Cette vision revient à considérer que les "stakeholders" de l'entreprise ont des droits à égalité qui ne rendent pas l'actionnaire seul juge. Argument que l'on pourrait retrouver dans le débat en cours sur le téléchargement de musique sur internet ("la musique appartient à celui qui l'écoute, et non à son auteur"...).
Cette philosophie, proposée par un de ceux que l'on appelle "administrateur indépendant" dans les conseils d'administration, c'est précisément cette conception de la gouvernance d'entreprise que combat fermement Colette Neuville, présidente de l'Association de Défense des Actionnaires Minoritaires (Adam).
Elle est interviewée dans l'AGEFI du 3 février :
" Cette affaire pose une nouvelle fois la question de la gouvernance et notamment de la composition des conseils d'administration en relation avec la structure de l'actionnariat. L'expérience montre que l'avis favorable - ou défavorable - d'un conseil d'administration composé essentiellement d'administrateurs indépendants ne pèse pas lourd face à une offre publique. Il en va tout autrement lorsque le conseil est composé des principaux actionnaires. La fiction de la représentativité des administrateurs indépendants tombe face à une offre publique, qui est la minute de vérité à cet égard.

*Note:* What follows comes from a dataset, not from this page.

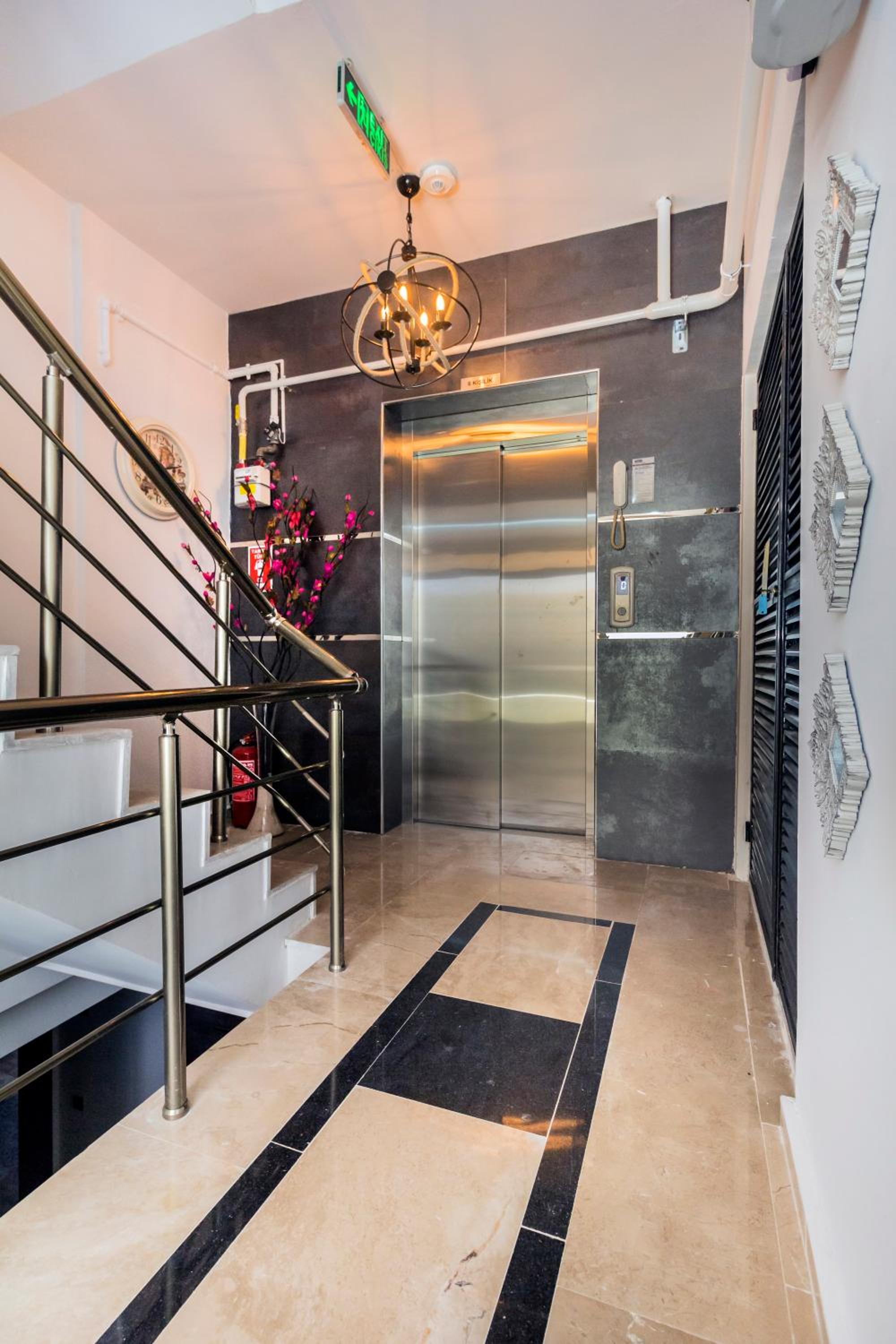 Aspendos Suites Konyaaltı Apart - Image 9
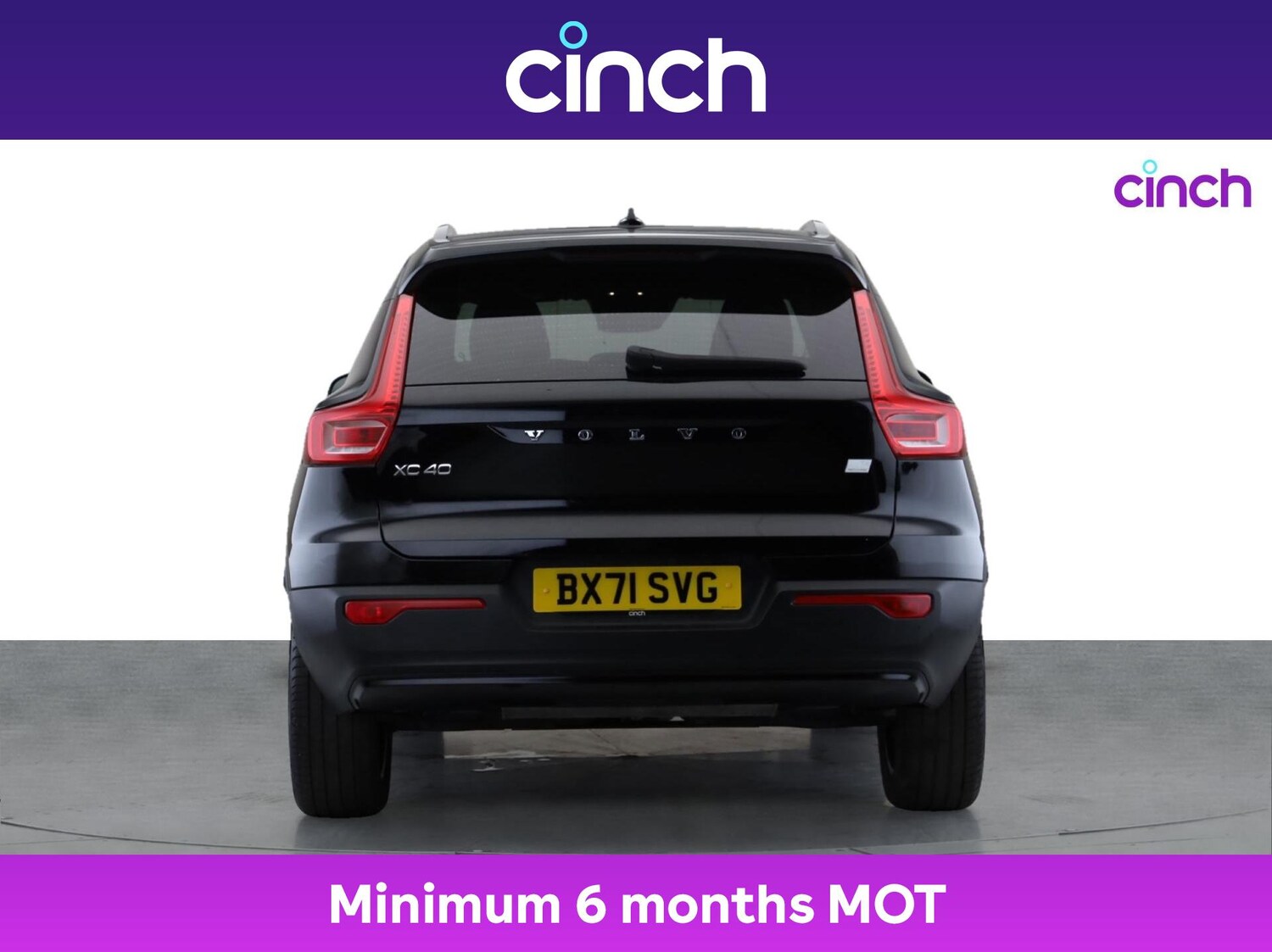 Used Volvo XC40 2021 for sale - 76246000: Photo 5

Si on veut donner aux entreprises le moyen de mener des politiques à long terme, et de résister éventuellement à des attaques, il faudra certainement se préoccuper de la structure de l'actionnariat et de celle des conseils d'administration, ce qui implique une vraie réflexion sur le rôle des organismes de placement collectifs et des règles qui leur sont applicables".
Ce débat sur le rôle de l'actionnaire en tant que partie prenante n'est pas tranché.
Néammoins, comme l'a dit Thierry Breton, " Ce sont les actionnaires qui vont trancher, pas les Etats."
Et puis ces actionnaires, représentés justement par ces investisseurs et organismes de placement collectifs, il faut les séduire.
Dans l'AGEFI toujours, Pierre Henry Leroy, président de Proxinvest, apporte un autre élément au débat :
"Arcelor ne parvient pas encore à convaincre, face à un public d'investisseurs jeunes et internationaux. Signe aussi d'une déficience de la gouvernance du Groupe, avec des statuts et une communication financière désuets."
On l'a compris, cett affaire d'OPA, c'est encore une bataille de jeunes contre les vieux, les désuets;
Les jeunes investisseurs contre le vieux monsieur Dollé.
On y revient toujours; mais cela laisse un peu pensif.
Ce jeunisme que n'aimait pas Nicolas Sarkozy l'autre jour, il sévit là aussi.